┏━━

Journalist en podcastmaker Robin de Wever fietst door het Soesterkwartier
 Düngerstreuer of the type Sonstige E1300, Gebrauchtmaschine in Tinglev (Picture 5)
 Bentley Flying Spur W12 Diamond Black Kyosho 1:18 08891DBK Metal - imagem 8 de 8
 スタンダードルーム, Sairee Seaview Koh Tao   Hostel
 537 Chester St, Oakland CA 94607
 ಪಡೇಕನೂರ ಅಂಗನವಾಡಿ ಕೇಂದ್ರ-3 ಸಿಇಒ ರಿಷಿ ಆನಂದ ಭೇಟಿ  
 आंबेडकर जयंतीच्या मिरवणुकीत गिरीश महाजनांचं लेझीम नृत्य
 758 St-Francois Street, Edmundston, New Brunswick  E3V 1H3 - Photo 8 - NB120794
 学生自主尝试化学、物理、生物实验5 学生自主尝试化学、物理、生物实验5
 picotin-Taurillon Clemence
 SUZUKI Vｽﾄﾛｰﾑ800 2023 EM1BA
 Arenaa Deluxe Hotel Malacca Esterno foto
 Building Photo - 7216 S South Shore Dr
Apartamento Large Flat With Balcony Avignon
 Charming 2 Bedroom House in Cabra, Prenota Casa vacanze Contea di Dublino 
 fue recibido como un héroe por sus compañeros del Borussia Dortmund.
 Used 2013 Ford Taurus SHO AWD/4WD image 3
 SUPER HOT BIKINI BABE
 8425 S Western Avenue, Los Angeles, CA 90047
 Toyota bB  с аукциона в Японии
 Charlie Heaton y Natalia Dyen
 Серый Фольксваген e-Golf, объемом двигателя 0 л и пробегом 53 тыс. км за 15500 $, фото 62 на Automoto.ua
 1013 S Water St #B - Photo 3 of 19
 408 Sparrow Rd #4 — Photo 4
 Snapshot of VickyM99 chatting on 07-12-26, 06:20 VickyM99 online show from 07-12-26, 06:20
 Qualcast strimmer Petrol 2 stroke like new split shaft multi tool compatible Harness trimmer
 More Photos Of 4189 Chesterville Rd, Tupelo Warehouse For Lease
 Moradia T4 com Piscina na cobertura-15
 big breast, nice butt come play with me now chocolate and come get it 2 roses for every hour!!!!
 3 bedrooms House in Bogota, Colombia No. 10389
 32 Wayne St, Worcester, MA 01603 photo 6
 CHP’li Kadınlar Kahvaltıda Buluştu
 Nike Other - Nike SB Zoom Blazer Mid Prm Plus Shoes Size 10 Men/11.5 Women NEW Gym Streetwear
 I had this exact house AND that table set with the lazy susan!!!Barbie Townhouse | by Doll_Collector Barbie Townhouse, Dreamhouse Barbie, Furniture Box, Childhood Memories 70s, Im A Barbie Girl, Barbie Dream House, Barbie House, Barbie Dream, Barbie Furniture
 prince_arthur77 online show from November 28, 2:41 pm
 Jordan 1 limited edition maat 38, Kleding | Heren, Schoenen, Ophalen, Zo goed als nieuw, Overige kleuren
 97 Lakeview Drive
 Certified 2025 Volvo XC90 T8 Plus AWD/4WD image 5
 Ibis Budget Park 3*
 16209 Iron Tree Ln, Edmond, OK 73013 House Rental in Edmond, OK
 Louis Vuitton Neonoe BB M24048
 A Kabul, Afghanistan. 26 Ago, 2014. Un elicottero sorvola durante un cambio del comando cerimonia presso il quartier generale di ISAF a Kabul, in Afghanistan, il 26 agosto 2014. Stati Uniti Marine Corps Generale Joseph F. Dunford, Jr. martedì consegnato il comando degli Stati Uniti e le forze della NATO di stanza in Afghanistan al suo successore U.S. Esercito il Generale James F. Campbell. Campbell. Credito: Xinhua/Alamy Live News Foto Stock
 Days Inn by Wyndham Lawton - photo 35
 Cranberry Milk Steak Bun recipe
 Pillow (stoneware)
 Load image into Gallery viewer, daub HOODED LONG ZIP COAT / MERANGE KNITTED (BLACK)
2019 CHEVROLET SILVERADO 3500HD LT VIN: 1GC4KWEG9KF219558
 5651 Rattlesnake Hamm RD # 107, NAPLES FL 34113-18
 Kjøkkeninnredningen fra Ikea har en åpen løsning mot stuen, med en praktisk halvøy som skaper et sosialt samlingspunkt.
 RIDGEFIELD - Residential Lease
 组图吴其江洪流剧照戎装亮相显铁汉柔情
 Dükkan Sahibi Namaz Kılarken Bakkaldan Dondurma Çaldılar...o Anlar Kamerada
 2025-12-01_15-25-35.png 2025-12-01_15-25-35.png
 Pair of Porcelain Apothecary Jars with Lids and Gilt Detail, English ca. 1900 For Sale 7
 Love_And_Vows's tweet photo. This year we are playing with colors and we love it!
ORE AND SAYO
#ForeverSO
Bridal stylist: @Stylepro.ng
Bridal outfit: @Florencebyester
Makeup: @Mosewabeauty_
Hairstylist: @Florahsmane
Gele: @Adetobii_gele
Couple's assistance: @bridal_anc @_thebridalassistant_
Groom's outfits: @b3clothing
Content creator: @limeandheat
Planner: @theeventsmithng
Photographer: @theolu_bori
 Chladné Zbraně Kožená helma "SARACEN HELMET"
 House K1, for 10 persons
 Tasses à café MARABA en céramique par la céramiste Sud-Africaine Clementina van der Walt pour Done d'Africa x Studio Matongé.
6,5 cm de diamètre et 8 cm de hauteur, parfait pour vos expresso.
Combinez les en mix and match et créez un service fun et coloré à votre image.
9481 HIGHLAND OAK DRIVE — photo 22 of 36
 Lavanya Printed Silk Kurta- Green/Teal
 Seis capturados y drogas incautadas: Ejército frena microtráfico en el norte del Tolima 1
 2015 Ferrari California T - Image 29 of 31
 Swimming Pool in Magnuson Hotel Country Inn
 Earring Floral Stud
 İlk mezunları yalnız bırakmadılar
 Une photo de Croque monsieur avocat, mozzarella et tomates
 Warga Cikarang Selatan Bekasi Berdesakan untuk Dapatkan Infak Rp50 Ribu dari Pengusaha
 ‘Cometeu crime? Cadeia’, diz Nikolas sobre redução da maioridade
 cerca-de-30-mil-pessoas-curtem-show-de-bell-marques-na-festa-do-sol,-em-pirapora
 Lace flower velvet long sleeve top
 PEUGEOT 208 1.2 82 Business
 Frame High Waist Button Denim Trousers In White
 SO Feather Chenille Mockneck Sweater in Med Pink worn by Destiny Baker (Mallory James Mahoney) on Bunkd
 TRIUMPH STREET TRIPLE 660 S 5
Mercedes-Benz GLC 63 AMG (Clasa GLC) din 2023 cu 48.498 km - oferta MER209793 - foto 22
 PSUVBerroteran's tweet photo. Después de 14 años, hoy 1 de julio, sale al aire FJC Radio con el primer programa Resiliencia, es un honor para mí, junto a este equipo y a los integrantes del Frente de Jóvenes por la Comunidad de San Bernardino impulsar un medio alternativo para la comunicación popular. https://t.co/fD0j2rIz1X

┗━━

**TASK TO CARRY OUT**:
Reproduce each line of the material exactly as given.

**TASK OUTPUT**:
Journalist en podcastmaker Robin de Wever fietst door het Soesterkwartier
 Düngerstreuer of the type Sonstige E1300, Gebrauchtmaschine in Tinglev (Picture 5)
 Bentley Flying Spur W12 Diamond Black Kyosho 1:18 08891DBK Metal - imagem 8 de 8
 スタンダードルーム, Sairee Seaview Koh Tao   Hostel
 537 Chester St, Oakland CA 94607
 ಪಡೇಕನೂರ ಅಂಗನವಾಡಿ ಕೇಂದ್ರ-3 ಸಿಇಒ ರಿಷಿ ಆನಂದ ಭೇಟಿ  
 आंबेडकर जयंतीच्या मिरवणुकीत गिरीश महाजनांचं लेझीम नृत्य
 758 St-Francois Street, Edmundston, New Brunswick  E3V 1H3 - Photo 8 - NB120794
 学生自主尝试化学、物理、生物实验5 学生自主尝试化学、物理、生物实验5
 picotin-Taurillon Clemence
 SUZUKI Vｽﾄﾛｰﾑ800 2023 EM1BA
 Arenaa Deluxe Hotel Malacca Esterno foto
 Building Photo - 7216 S South Shore Dr
Apartamento Large Flat With Balcony Avignon
 Charming 2 Bedroom House in Cabra, Prenota Casa vacanze Contea di Dublino 
 fue recibido como un héroe por sus compañeros del Borussia Dortmund.
 Used 2013 Ford Taurus SHO AWD/4WD image 3
 SUPER HOT BIKINI BABE
 8425 S Western Avenue, Los Angeles, CA 90047
 Toyota bB  с аукциона в Японии
 Charlie Heaton y Natalia Dyen
 Серый Фольксваген e-Golf, объемом двигателя 0 л и пробегом 53 тыс. км за 15500 $, фото 62 на Automoto.ua
 1013 S Water St #B - Photo 3 of 19
 408 Sparrow Rd #4 — Photo 4
 Snapshot of VickyM99 chatting on 07-12-26, 06:20 VickyM99 online show from 07-12-26, 06:20
 Qualcast strimmer Petrol 2 stroke like new split shaft multi tool compatible Harness trimmer
 More Photos Of 4189 Chesterville Rd, Tupelo Warehouse For Lease
 Moradia T4 com Piscina na cobertura-15
 big breast, nice butt come play with me now chocolate and come get it 2 roses for every hour!!!!
 3 bedrooms House in Bogota, Colombia No. 10389
 32 Wayne St, Worcester, MA 01603 photo 6
 CHP’li Kadınlar Kahvaltıda Buluştu
 Nike Other - Nike SB Zoom Blazer Mid Prm Plus Shoes Size 10 Men/11.5 Women NEW Gym Streetwear
 I had this exact house AND that table set with the lazy susan!!!Barbie Townhouse | by Doll_Collector Barbie Townhouse, Dreamhouse Barbie, Furniture Box, Childhood Memories 70s, Im A Barbie Girl, Barbie Dream House, Barbie House, Barbie Dream, Barbie Furniture
 prince_arthur77 online show from November 28, 2:41 pm
 Jordan 1 limited edition maat 38, Kleding | Heren, Schoenen, Ophalen, Zo goed als nieuw, Overige kleuren
 97 Lakeview Drive
 Certified 2025 Volvo XC90 T8 Plus AWD/4WD image 5
 Ibis Budget Park 3*
 16209 Iron Tree Ln, Edmond, OK 73013 House Rental in Edmond, OK
 Louis Vuitton Neonoe BB M24048
 A Kabul, Afghanistan. 26 Ago, 2014. Un elicottero sorvola durante un cambio del comando cerimonia presso il quartier generale di ISAF a Kabul, in Afghanistan, il 26 agosto 2014. Stati Uniti Marine Corps Generale Joseph F. Dunford, Jr. martedì consegnato il comando degli Stati Uniti e le forze della NATO di stanza in Afghanistan al suo successore U.S. Esercito il Generale James F. Campbell. Campbell. Credito: Xinhua/Alamy Live News Foto Stock
 Days Inn by Wyndham Lawton - photo 35
 Cranberry Milk Steak Bun recipe
 Pillow (stoneware)
 Load image into Gallery viewer, daub HOODED LONG ZIP COAT / MERANGE KNITTED (BLACK)
2019 CHEVROLET SILVERADO 3500HD LT VIN: 1GC4KWEG9KF219558
 5651 Rattlesnake Hamm RD # 107, NAPLES FL 34113-18
 Kjøkkeninnredningen fra Ikea har en åpen løsning mot stuen, med en praktisk halvøy som skaper et sosialt samlingspunkt.
 RIDGEFIELD - Residential Lease
 组图吴其江洪流剧照戎装亮相显铁汉柔情
 Dükkan Sahibi Namaz Kılarken Bakkaldan Dondurma Çaldılar...o Anlar Kamerada
 2025-12-01_15-25-35.png 2025-12-01_15-25-35.png
 Pair of Porcelain Apothecary Jars with Lids and Gilt Detail, English ca. 1900 For Sale 7
 Love_And_Vows's tweet photo. This year we are playing with colors and we love it!
ORE AND SAYO
#ForeverSO
Bridal stylist: @Stylepro.ng
Bridal outfit: @Florencebyester
Makeup: @Mosewabeauty_
Hairstylist: @Florahsmane
Gele: @Adetobii_gele
Couple's assistance: @bridal_anc @_thebridalassistant_
Groom's outfits: @b3clothing
Content creator: @limeandheat
Planner: @theeventsmithng
Photographer: @theolu_bori
 Chladné Zbraně Kožená helma "SARACEN HELMET"
 House K1, for 10 persons
 Tasses à café MARABA en céramique par la céramiste Sud-Africaine Clementina van der Walt pour Done d'Africa x Studio Matongé.
6,5 cm de diamètre et 8 cm de hauteur, parfait pour vos expresso.
Combinez les en mix and match et créez un service fun et coloré à votre image.
9481 HIGHLAND OAK DRIVE — photo 22 of 36
 Lavanya Printed Silk Kurta- Green/Teal
 Seis capturados y drogas incautadas: Ejército frena microtráfico en el norte del Tolima 1
 2015 Ferrari California T - Image 29 of 31
 Swimming Pool in Magnuson Hotel Country Inn
 Earring Floral Stud
 İlk mezunları yalnız bırakmadılar
 Une photo de Croque monsieur avocat, mozzarella et tomates
 Warga Cikarang Selatan Bekasi Berdesakan untuk Dapatkan Infak Rp50 Ribu dari Pengusaha
 ‘Cometeu crime? Cadeia’, diz Nikolas sobre redução da maioridade
 cerca-de-30-mil-pessoas-curtem-show-de-bell-marques-na-festa-do-sol,-em-pirapora
 Lace flower velvet long sleeve top
 PEUGEOT 208 1.2 82 Business
 Frame High Waist Button Denim Trousers In White
 SO Feather Chenille Mockneck Sweater in Med Pink worn by Destiny Baker (Mallory James Mahoney) on Bunkd
 TRIUMPH STREET TRIPLE 660 S 5
Mercedes-Benz GLC 63 AMG (Clasa GLC) din 2023 cu 48.498 km - oferta MER209793 - foto 22
 PSUVBerroteran's tweet photo. Después de 14 años, hoy 1 de julio, sale al aire FJC Radio con el primer programa Resiliencia, es un honor para mí, junto a este equipo y a los integrantes del Frente de Jóvenes por la Comunidad de San Bernardino impulsar un medio alternativo para la comunicación popular. https://t.co/fD0j2rIz1X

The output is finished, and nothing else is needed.